Set in a New York prison, we meet Lucius, a serial killer waiting for extradition to Florida, where his killing spree started and where the death penalty exists. He has a benevolent guard Charlie in his solitary 23-hour lock up wing. Much younger Angel is awaiting trial for a shooting. He’s moved to the same wing for his own protection after an assault. Charlie leaves and the far from benevolent Valdez is sent to persecute them. The only other character is Angel’s lawyer Mary Jane who visits intermittently to discuss defence strategy and tactics.

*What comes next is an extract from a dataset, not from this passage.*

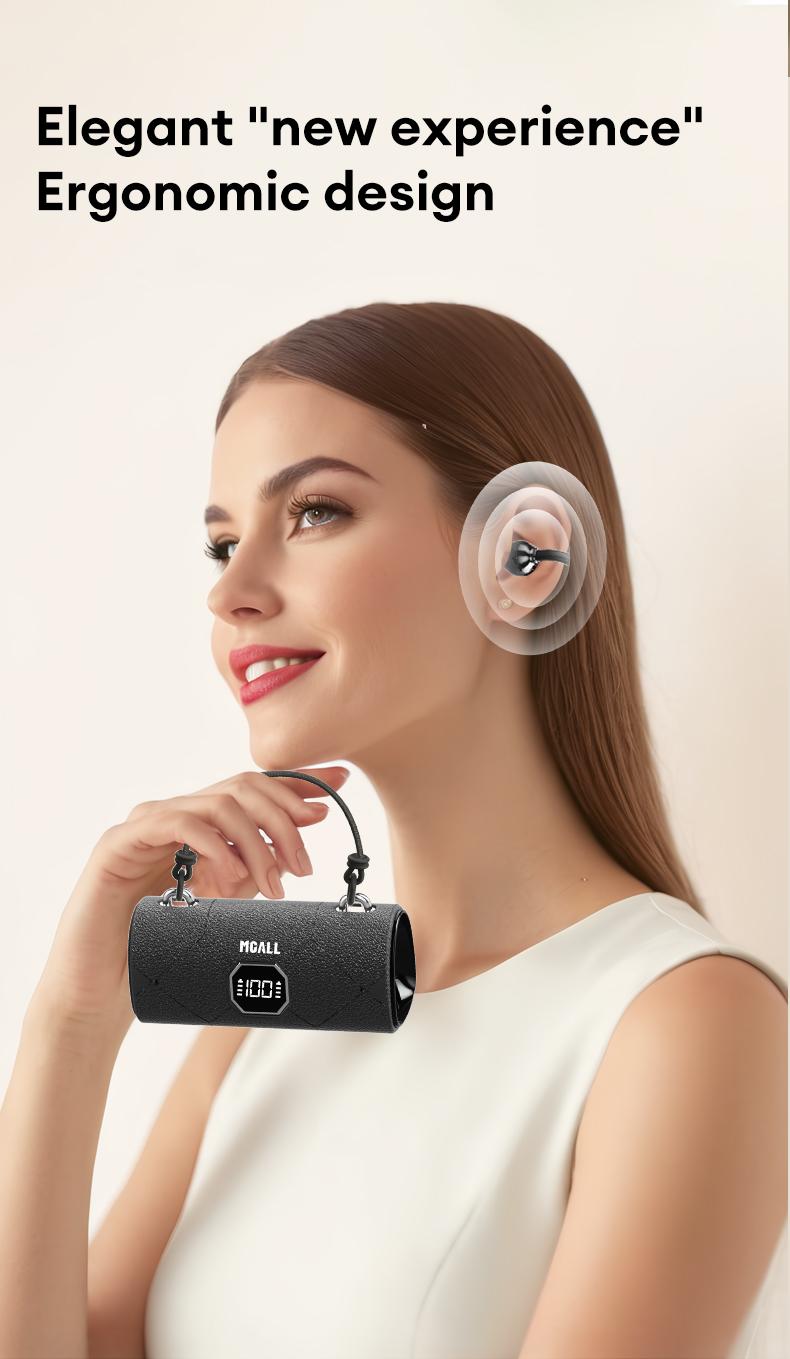 MGALL X22 Fashionable Clip-On Wireless Headphones with Handbag‑Style Light‑Luxury Leather Texture, Comfortable Fit, 2025 Bluetooth 6.0, LED HD Display, HiFi Sound, Sport & Travel Ready, Perfect Gift for Girlfriend,TikTokShop Back to School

The discussions between Lucius and Angel are the heart of the piece as we debate responsibility & accountability and redemption. We learn about the prisoners’ motivations and personal histories in what becomes a psychological sparring match. How much do the actions of the victims justify the crime? How much does a tragic past excuse a crime? It’s played out on a traverse stage with moving glass walls / doors with blinding lighting and deafening drums between scenes to keep up the tension. It shocks, though there are flashes of humour that relieve the tension. and your brain almost hurts as you decide what you think about these people and their actions. I found it riveting.

Oberon K A Adjepong (a very welcome visitor from the US) as Lucius and Ukweli Roach as Angel are mesmerising to watch, with great physicality, spitting out dialogue at frenetic speed. Dervla Kirwan is excellent as the Irish American lawyer Mary Jane who we learn a surprising amount about. Joplin Sibtain is terrific as their nemesis Valdez, prodding and provoking them for fun. Matthew Douglas’ Charlie is such a contrast, and comes back to surprise us towards the end.

Director Kate Hewitt and designed Magda Willi have done an excellent job creating the tension which the play needs. Yet more thrilling stuff at the Young Vic.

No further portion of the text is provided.